Saturday, March 16, 2013

Izzy / Inky the Indigo Fairy (Rainbow Magic #6: The Rainbow Fairies #6) by Daisy Meadows


This book deviates from the formulaic storytelling of previous books in the series. Instead of finding a fairy somewhere on the island, the girls are magically transported to the Land of Sweets. There, they meet all sorts of candy characters, which makes for fun reading. The goblins are there, too, and this time, they even get so far as to carry Izzy / Inky off!

What really interested me about this book, though, is that the version published in the US, Inky the Indigo Fairy, has a different name from the original version published in the UK, Izzy the Indigo Fairy. Izzy is not an uncommon name in America, so why the change? I got to wondering how else the books might differ...

Our local library carries the American version, and a sister library had the UK version. We put in a request for the UK version, and we borrowed both books at the same time. Isabelle and I had great fun comparing and contrasting the two books! I had thought that maybe there would only be a handful of changes in the whole book, but as it turned out, there were several, sometimes many, changes on each page!
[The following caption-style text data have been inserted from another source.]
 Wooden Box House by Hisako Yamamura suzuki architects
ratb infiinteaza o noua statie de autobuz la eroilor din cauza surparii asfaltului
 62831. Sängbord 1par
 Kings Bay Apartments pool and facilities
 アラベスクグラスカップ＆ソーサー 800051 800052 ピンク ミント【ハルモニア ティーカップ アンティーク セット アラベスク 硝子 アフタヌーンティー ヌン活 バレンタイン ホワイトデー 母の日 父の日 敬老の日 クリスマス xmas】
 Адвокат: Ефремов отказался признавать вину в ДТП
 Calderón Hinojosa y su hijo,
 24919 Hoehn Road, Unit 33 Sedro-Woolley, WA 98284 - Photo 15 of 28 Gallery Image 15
Some word choices had obviously been changed to sound more American. A British "rucksack" became an American "backpack"; "on holiday" became "on vacation"; "I trod on a twig" became "I stepped on a stick". Even the definition of "indigo" differed: the British version called it "bluey-purple", but the American version called it "purplish blue". Many candy references were changed, e.g., "toffee" to "caramel", "sweet shop" to "candy store". Even "lemon sherbet" - which isn't really uncommon in America - was changed to "cocoa powder", a completely different substance!

Spelling was also country-specific. British "colour" versus American "color", "realised" versus "realized".

But, oftentimes, I couldn't figure out why the wording was changed. The British version used words like "gleaming", "beside", "odd", and "little" - all perfectly acceptable words - but the American version replaced those words with synonyms like "shining", "next to", "strange", and "small", respectively. Why!? It seemed so arbitrary. These type of seemingly inexplicable changes were very common. It was fascinating.

Very frequently, the American version changed or added words, presumably to make the text more descriptive. Over and over, the original British version had "they", but the American version specified "the girls". Other changes include:
  • British version: "dusty, old books"
    American version: "dusty old books that looked like they hadn't been read in a long time"
  • British version: "Let's get out of here!"
    American version: "Let's get out of here before they realize that Inky is free!"
Oddly, sometimes the American version simply dropped words - even whole sentences - from the original British version for no apparent reason at all.
  • British version: "They sound too sweet and soft to be goblins' voices."
    American version: "They sound too sweet to be goblins' voices."
  • British version: "Rachel and Kirsty stared at each other in delight."
    American version: "Rachel and Kirsty stared at each other."
Finally, punctuation - particularly, the use of commas - frequently differed between the two versions as well.